By faith Abraham, when called to go to a place he would later receive as his inheritance, obeyed and went, even though he did not know where he was going. By faith he made his home in the promised land like a stranger in a foreign country; he lived in tents, as did Isaac and Jacob, who were heirs with him of the same promise. For he was looking forward to the city with foundation, whose architect and builder is God. … All these people were still living by faith when they died. They did not receive the things promised; they only saw them and welcomed them from a distance. And they admitted that they were aliens and strangers on earth. People who say such things show that they are looking for a country of their own. If they had been thinking of the country they had left, they would have had opportunity to return. Instead, they were longing for a better country – a heavenly one. Therefore God is not ashamed to be called their God, for he has prepared a city for them.
Hebrews 11: 8-10, 13-16

Notice the actions of the faithful mentioned in the passage: they look for, see and welcome from a distance that which is promised; they admit that they are aliens and strangers on earth; and they long for something, somewhere, better.
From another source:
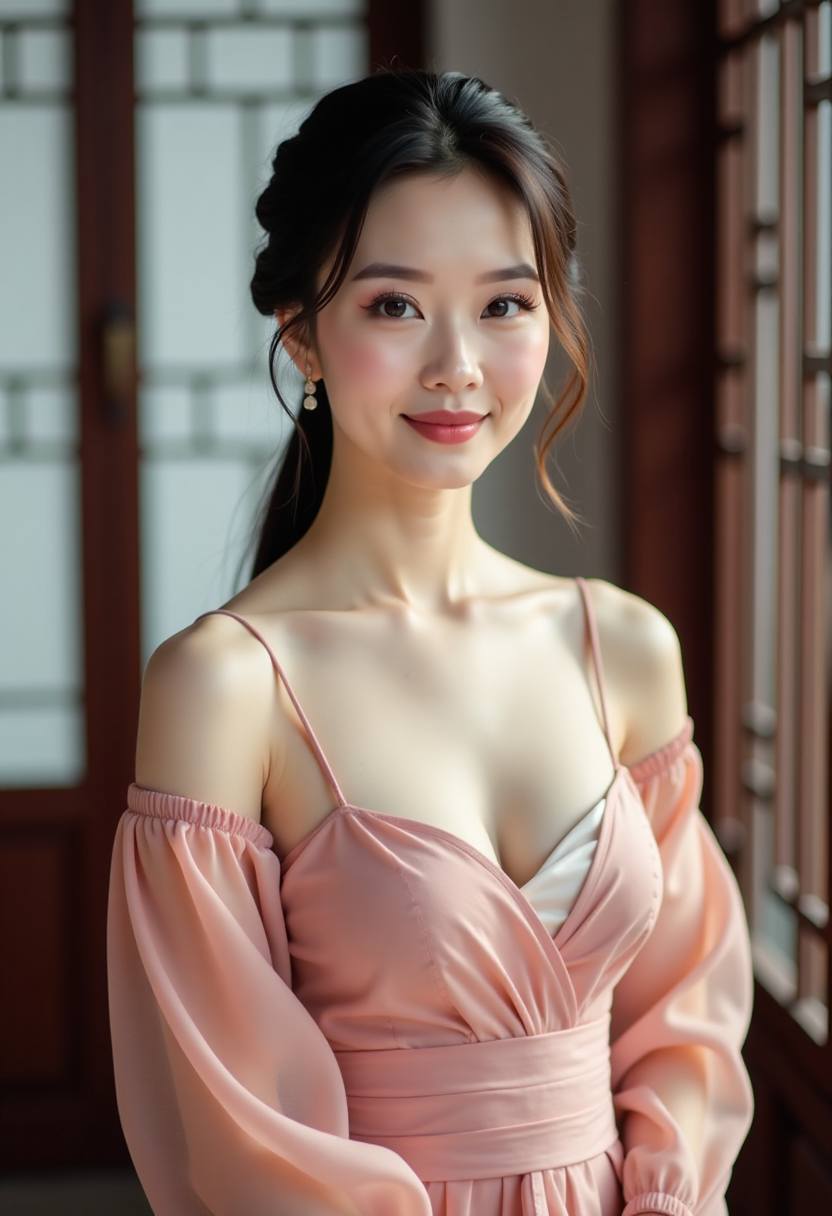 音源位争夺夜 海报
Faithful pilgrims, then, anticipate and imagine, that which no one has seen. We believe that God will do what he has promised. Faithful pilgrims say aloud, to one another and to the world around us, that we don’t belong here. We remind ourselves that we shouldn’t expect to be comfortable here, to find perfect peace or justice or joy or beauty in this place. We are not discouraged or disillusioned because we know that while oppression and loneliness, violence and grief are inevitable in this country, there is a country to look forward to. And so we long for the promise to be fulfilled.

Christians during Advent really rehearse those character traits which are to set us apart from our neighbors. One of these is hope. We are neither pessimists nor cynics; we are neither optimists nor idealists. We are a hopeful people who know to whom we belong and that God’s promises are more solid than those “realities” that mark our current lives. Our hope is not a private coping mechanism but a public declaration: “The Christian is liberated from fear about his own future in order to care about the fear and struggles of others. Hope is not merely a private matter, for the scope of God’s kingdom is universal.”1 We are hopeful pilgrims, inviting the displaced in the world to join the pilgrimage.


Notes
1 New Dictionary of Theology. Ferguson, Sinclair B., Editor. InterVarsity Press, 1988.

Lucy Meade is a former military brat who grew up in England and Nebraska. After four years in Belarus, she is now in Madison, Wisconsin with InterVarsity, where she is working in the Urbana 06 program development process.